Does “Priest” add anything to our-vampire saturated pop culture? Not really. They’re not cuddly vegetarians like Edward from “Twilight,” seriously dramatic like Dracula or smolderingly conflicted like Angel or Spike from “Buffy the Vampire Slayer,” but that’s because they’re just boring demons, with claws and fangs but lacking eyes.
Aside from that yawn-fest when it comes to the vampires’ backstory and description, the film is forgettable in every other way, too. The narration is faux old-world and stilted (“They alone turned the tide,” the introduction claims regarding the Priests); the regular dialogue is impressively expected and terrible (“We all have to make sacrifices,” says a guy about to lose a family member; “To go against the Church is to go against God,” commands a monsignor); and every supposedly significant scene is laughable. Priest breaks his rosary before fighting off Church lackeys trying to arrest him! Priest and Priestess (Maggie Q) touch hands but don’t kiss, showing their deep unconsummated love! Yawn.
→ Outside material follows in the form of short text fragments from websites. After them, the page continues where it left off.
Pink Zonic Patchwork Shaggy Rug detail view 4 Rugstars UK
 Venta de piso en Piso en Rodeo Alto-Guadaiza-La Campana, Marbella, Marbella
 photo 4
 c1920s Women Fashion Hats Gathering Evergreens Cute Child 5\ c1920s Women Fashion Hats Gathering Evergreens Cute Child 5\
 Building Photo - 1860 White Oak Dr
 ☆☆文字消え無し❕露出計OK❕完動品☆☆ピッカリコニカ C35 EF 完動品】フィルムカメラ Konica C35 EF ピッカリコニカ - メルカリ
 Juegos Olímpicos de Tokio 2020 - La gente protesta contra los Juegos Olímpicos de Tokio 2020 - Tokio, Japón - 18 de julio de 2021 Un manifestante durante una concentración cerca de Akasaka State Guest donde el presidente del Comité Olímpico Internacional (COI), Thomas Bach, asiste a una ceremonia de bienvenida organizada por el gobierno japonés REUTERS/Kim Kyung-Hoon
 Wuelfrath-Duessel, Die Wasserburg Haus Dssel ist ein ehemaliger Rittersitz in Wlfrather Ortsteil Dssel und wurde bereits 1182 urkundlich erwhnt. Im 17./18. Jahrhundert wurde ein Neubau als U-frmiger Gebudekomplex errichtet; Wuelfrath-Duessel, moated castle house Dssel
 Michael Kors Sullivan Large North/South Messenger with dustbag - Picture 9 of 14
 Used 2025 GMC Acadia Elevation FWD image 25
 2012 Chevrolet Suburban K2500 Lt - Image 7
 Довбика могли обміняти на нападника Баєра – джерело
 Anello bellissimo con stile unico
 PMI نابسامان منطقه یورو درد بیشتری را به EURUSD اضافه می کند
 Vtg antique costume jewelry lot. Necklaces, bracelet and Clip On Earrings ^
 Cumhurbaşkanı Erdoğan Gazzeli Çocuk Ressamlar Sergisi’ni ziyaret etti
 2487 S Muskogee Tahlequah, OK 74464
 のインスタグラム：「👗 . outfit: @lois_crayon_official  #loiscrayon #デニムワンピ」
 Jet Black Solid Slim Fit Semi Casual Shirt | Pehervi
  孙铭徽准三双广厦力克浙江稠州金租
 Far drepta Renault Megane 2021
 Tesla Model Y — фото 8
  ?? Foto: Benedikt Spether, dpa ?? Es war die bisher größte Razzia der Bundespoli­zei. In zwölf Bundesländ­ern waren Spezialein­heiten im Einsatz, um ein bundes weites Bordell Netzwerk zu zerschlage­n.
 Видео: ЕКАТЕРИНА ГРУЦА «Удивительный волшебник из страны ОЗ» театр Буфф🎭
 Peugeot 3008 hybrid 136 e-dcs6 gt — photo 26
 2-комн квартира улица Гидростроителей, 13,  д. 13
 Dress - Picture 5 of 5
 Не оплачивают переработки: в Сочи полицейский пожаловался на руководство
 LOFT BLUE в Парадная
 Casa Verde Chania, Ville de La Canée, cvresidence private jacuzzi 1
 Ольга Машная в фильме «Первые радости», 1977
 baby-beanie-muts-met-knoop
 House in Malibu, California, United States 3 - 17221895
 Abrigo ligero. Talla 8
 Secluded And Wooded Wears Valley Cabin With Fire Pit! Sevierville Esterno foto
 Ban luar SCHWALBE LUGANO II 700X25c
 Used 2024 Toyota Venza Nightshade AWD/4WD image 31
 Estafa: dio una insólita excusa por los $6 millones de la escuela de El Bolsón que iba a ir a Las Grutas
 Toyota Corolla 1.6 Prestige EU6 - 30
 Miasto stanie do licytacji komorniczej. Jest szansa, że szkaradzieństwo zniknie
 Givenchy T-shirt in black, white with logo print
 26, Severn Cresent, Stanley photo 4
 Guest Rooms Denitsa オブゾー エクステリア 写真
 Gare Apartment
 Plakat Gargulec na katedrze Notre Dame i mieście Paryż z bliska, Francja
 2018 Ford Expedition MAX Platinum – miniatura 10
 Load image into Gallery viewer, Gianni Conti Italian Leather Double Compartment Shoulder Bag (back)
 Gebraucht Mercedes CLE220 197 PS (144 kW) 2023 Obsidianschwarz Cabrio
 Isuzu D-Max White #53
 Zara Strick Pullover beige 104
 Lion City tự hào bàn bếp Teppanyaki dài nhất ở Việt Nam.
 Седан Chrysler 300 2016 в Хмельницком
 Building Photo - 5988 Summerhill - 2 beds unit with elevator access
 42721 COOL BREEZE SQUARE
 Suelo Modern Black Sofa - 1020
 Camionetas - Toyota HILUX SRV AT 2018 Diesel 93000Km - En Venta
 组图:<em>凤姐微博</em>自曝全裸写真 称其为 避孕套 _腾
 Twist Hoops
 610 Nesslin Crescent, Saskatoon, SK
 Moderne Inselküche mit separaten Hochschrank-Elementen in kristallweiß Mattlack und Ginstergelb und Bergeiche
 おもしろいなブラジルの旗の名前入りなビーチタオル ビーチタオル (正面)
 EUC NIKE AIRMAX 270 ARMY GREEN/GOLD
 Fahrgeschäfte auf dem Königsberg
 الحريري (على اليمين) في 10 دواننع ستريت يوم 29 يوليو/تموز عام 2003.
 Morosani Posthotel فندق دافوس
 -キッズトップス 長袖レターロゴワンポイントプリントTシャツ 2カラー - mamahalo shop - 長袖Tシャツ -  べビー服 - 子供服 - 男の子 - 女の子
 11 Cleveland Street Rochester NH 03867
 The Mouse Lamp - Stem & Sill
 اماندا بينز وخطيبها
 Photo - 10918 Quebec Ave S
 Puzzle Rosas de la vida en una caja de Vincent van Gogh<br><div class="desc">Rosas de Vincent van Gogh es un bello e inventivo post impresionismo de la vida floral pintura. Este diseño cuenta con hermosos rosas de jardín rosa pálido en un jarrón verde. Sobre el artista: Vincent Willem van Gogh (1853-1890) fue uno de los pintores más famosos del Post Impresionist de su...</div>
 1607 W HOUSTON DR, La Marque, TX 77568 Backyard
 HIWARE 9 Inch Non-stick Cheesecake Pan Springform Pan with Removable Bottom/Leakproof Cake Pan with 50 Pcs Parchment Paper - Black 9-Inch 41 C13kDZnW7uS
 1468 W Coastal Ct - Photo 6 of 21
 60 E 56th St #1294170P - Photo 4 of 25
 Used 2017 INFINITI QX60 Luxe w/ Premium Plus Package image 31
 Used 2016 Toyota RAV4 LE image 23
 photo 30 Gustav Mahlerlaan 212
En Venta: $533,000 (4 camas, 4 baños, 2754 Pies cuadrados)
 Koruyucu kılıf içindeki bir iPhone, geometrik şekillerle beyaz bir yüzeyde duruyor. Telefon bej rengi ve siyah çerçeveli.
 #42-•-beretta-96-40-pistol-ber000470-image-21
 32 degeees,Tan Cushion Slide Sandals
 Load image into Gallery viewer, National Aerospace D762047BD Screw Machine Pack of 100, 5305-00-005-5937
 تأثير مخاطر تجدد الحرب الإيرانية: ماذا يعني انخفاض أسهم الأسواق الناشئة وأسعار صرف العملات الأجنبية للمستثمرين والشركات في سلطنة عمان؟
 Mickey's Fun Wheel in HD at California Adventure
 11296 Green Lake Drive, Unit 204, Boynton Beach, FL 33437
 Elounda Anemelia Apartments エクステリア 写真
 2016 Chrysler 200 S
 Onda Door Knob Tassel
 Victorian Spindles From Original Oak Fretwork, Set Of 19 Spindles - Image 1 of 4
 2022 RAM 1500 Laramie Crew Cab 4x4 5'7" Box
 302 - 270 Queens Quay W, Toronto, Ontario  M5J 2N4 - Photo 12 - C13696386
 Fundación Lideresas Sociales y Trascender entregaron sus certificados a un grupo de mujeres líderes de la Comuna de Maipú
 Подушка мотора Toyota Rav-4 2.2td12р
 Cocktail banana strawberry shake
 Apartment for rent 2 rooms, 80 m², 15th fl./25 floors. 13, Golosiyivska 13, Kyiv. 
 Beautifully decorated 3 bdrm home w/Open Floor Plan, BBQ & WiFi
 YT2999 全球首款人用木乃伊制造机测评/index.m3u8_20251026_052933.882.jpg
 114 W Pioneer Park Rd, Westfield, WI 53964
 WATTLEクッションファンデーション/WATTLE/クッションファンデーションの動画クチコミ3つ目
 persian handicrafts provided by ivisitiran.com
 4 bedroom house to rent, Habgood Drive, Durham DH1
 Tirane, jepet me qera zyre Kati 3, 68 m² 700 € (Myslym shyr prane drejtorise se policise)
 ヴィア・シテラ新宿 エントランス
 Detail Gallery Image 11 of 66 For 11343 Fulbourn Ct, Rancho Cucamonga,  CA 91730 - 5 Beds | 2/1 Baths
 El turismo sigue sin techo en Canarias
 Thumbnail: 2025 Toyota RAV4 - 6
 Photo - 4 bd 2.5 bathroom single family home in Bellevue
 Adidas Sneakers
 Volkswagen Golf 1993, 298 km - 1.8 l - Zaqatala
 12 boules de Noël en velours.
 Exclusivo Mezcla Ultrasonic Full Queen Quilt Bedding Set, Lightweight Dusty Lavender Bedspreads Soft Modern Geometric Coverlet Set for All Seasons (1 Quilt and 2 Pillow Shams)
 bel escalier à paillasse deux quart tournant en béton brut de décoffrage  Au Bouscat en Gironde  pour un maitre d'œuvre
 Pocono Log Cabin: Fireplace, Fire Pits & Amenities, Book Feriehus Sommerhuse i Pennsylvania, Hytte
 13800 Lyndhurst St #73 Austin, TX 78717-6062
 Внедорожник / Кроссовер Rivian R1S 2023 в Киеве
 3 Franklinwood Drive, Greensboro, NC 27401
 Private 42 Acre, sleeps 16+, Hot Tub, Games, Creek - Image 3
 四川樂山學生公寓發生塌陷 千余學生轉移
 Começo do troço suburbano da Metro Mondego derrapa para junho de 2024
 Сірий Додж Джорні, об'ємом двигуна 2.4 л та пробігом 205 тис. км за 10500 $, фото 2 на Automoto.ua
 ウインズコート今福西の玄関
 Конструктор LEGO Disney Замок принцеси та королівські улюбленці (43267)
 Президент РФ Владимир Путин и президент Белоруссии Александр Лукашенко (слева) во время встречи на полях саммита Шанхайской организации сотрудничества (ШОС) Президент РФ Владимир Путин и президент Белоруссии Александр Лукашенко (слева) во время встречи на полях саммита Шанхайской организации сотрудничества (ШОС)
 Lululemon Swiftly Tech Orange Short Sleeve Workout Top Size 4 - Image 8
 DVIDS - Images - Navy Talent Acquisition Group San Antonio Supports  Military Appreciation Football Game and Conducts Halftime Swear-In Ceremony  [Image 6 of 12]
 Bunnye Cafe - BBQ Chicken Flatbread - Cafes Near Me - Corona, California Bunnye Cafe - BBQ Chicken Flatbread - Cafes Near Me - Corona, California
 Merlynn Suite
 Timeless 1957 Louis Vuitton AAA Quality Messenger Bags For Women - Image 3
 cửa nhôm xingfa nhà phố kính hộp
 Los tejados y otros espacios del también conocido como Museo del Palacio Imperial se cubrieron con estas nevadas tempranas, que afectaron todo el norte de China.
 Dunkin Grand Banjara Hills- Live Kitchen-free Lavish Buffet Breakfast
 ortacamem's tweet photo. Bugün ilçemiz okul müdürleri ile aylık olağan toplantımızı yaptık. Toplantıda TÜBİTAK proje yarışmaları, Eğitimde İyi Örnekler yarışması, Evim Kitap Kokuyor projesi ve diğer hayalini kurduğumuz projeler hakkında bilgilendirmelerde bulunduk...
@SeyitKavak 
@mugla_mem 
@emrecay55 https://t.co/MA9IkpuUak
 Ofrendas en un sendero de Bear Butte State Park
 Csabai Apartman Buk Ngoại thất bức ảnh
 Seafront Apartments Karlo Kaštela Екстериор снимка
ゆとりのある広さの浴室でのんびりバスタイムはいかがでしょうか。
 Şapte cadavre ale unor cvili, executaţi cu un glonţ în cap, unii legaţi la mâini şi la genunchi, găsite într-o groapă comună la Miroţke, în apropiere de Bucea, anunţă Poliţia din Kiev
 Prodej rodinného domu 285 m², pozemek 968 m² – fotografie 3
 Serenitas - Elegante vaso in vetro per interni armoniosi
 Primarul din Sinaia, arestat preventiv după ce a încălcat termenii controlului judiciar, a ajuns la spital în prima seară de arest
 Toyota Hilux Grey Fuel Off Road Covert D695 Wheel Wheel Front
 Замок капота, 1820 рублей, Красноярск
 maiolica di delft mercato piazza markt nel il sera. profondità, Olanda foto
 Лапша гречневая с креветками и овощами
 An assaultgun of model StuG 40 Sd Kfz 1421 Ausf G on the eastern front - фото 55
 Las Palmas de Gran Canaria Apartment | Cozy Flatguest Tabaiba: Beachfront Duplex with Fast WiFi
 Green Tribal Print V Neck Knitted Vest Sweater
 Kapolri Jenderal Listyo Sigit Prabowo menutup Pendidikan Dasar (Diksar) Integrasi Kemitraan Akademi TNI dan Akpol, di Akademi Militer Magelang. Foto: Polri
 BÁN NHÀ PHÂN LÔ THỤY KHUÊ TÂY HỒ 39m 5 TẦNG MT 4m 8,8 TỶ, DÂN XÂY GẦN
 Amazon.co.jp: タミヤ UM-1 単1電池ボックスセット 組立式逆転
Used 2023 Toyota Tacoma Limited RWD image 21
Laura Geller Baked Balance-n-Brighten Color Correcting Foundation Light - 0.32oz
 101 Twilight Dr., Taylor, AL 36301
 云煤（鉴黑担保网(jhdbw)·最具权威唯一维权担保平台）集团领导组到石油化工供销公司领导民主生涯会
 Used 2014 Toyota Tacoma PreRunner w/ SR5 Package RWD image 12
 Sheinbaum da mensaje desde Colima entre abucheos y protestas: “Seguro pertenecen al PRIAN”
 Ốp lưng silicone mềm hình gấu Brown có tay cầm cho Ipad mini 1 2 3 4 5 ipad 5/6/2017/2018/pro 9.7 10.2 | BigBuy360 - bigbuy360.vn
There’s no good acting here, so let’s not even discuss that. There also aren’t any original thoughts, since nearly everything from “Priest” is swiped from another movie: the dilapidated cities from “Blade Runner,” the totalitarianism from “Equilibrium,” the slow motion action scenes from “The Matrix,” the vampires merely copies of the Pale Man from “Pan’s Labyrinth,” that part in “The Dark Knight” where the Joker cues anarchy in the streets like an orchestra conductor. “Priest,” rated PG-13, is shot dark and gritty like the comic book adaptation of “Jonah Hex,” and should be OK for teens 13 and older. Since the vampires are created purely with CGI, they never look seriously real. There are some thrills when they attack humans, but the familiars may be grosser for viewers: Bald, with stark white skin, rotting teeth and nasty nails, they’re sniveling slaves who decapitate chickens and drink their blood. There’s also hammers to the head, slashed throats and other bloody — but not gory — violence between the humans and monsters.
If only someone had massacred “Priest” before it got made into a movie. Who cares about vampires? Terrible films are a more pressing concern for our society, and “Priest” is a prime example of everything wrong with Hollywood. Zero kernels out of five, people. Zero kernels out of five.